Like many experiences we encounter we must ask ourselves: are we actually listening and absorbing the information or is it saying hold true: ‘going in one ear and out the other’. For example, how many people actually listen and give their undivided attention towards the safety features of this Boeing 737 aircraft. ‘To fasten your seatbelt please place the’, are your headphones in? “In the unlikely event of a water evacuation, your seat cushion’, are you asleep yet? ‘Although not expected, should sudden cabin pressure change’ are you talking to your neighbor? The best is all this information can be found on the safety information card in the seatback pocket, but do we pick it up and take the time to go over it? Likewise, are we picking up our bibles and reading them? Or are they just sitting in the seatback pocket? Our deposits of faith, and especially the writings of the Communion of Saints, have given us some tools on how to discern our own jigsaws. St. Ignatius of Loyola, before he died, created a method for discernment, specifically establishing rules for discerning the spirits. The rules are consistent with a contemplative form of prayer. Often, they are followed and given through silent retreats over a four week period. However, the rules can and should be applied to our daily lives in order to enable us to better discern the Lord’s will for us. The first four rules consist of definitions that create a foundation for the ones to follow.
RULE 1: When a Person Moves Away From God
This describes a person who is going from mortal sin to mortal sin as if nothing is wrong.
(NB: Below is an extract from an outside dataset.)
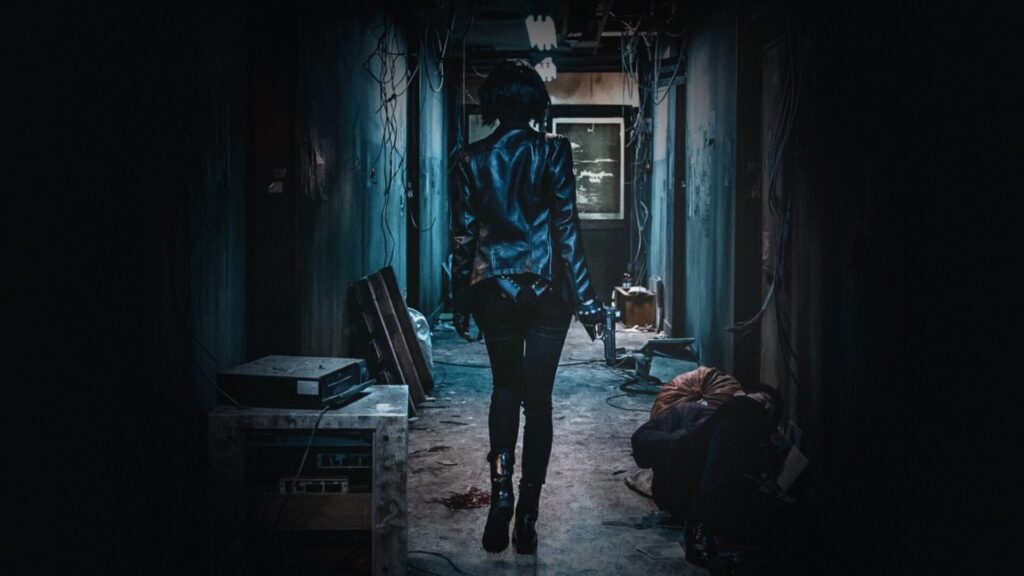 Rückansicht von Kim Ok-vin im Film "The Villainess", die in einem Hausflur steht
The devil advocates a pattern by ‘promising’ sensual delights. The reason why we sin is because we like it, there are certain pleasures, however, as we are all too familiar with, it is short-lived. Just like in every cartoon there is a devil on one shoulder and the angel on the other. In persons who are moving away from God, the Spirit uses our moral judgement to ‘bite’ and ‘sting’ our conscience.
RULE 2: When a Person Moves Towards God
This rule describes those persons who are moving towards God. There is inherently nothing wrong with conforming to this definition, even if at some points it stirs up some discomfort. This person is moving forward with purifying their sins, through strength, courage, tears, consolations, inspirations, quiet, and easing all given to us from the Spirit. But just like anything else, nothing is easy. The devil may place obstacles in our way and try and give us false reasons to turn away.
RULE 3: Spiritual Consolation
Spiritual Consolation is an interior movement in which our soul becomes ‘inflamed with the love of its Lord and Creator.’ The good Spirit provides good counsel via his presence and peace.
RULE 4: Spiritual Desolation
On the contrary to rule three, spiritual desolation is darkness of the soul, a disturbance in it. Creating a feeling as if one is separated from their Creator and Lord. The bad Spirit (satan and his minions) provides bad counsel.
RULE 5: Spiritual Desolation: A Time for Fidelity
This rule only applies to those who are in spiritual desolation. ‘In times of desolation never make a change, but be firm and constant in the proposals and determination in which one was the day preceding such desolation. When in a state of desolation, this rule is one of the most difficult to abide to. Largely, because our human instinct takes over to try and escape the current situations, but we need to realize it is the bad Spirit giving us counsel, and very often attempting to lead us astray from the right answer.
"The rules can and should be applied to our daily lives in order to enable us to better discern the Lord’s will for us."
The rules provided above can help us step away and allow the Lord to place the pieces, because only he knows where the perfect piece fits. When we try and force the pieces, we are forcing our expectations on God. However, when we allow God to place the pieces. We are giving him control, and those are Him listening to our authentic desires and expectations lead to desolation, while authentic desires of the heart lead to consolation.
Let us ask our God to bring us to peace and understanding of the puzzle he has created and the one in which all of the pieces fit together perfectly. May we fearlessly trust in God's will.